Rare #African art owned by the Missouri State University in America will go up for adoption this month through August. The show is expected to feature a mixture of objects that have been displayed previously, along with several artefacts not shown to the public in the past 20 years.



Rare African art owned by the Missouri State University in America will go up for adoption this month through August.

According to the University, a special VIP viewing of select objects from Missouri Southern’s African art collection will be featured at the Spiva Art Gallery on the MSSU campus from Monday, July 24, through Friday, Aug. 4.

Patrons are expected to “adopt” an African art piece for donations of $20, $50, $100 or more. Donors will then have their names featured in archives and in the Past Perfect online database, which houses a digital collection of all the pieces owned by the university.

All proceeds will go to continuing preservation efforts in maintaining the collection.


According to Joplinglobe, Money raised is expected to support the care, preservation and research into pieces such as the Chokwe female dance mask, made of wood, or the “Oathtaker” from the Republic of Congo. Nails driven into the wooden figure signal to participants in the ritual that if an oath is broken, the spirit of the oath taker would exact punishment.

The Oathtaker, one of the pieces to be displayed at the Gallery. Credit: Missouri Southern State University

Many of the pieces are believed to have been originally created and used in African rituals.

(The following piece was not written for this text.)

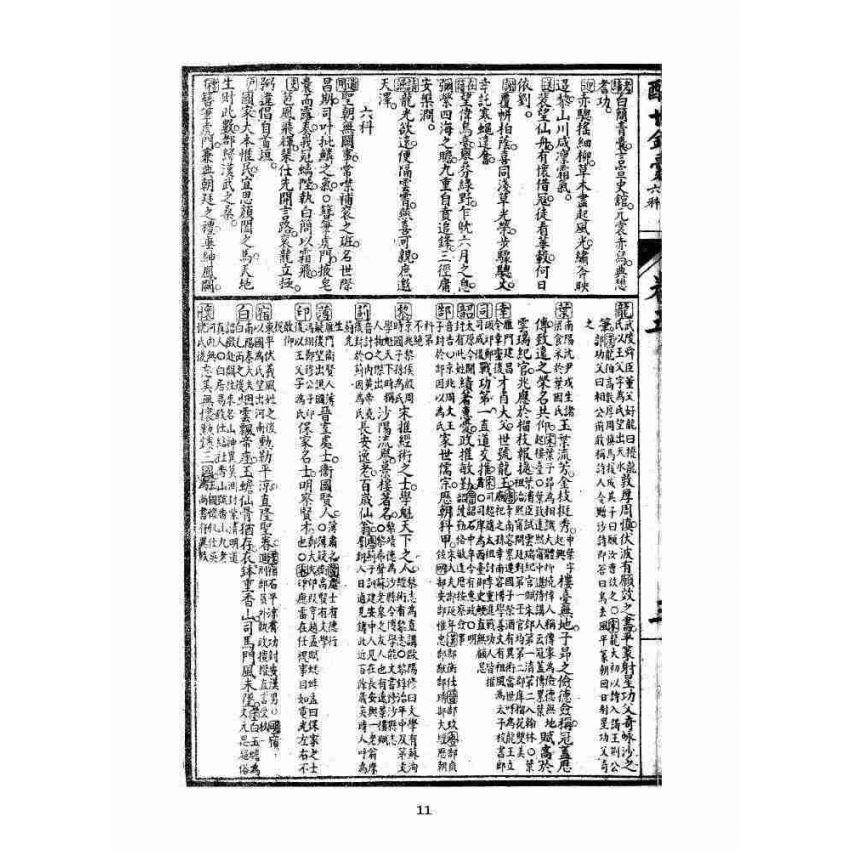 博揚古籍選 宗教篇 酬世錦囊二集卷五~卷七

The collections also includes headrests for the dead, musical instruments, vessels and weapons such as arrows from Kalahari Bushmen.

The exhibition will feature key objects from the Finley Collection, a collection comprising mostly 19th and early 20th century pieces given to the university in 1997 by John and Pam Finley. Other objects are from known and anonymous donors. A reception will take place from 3 to 5 p.m. Tuesday, July 25. The public is invited to attend.

The gallery is open to the public at no charge from 7 a.m. to 5 p.m. Monday through Thursday throughout the summer.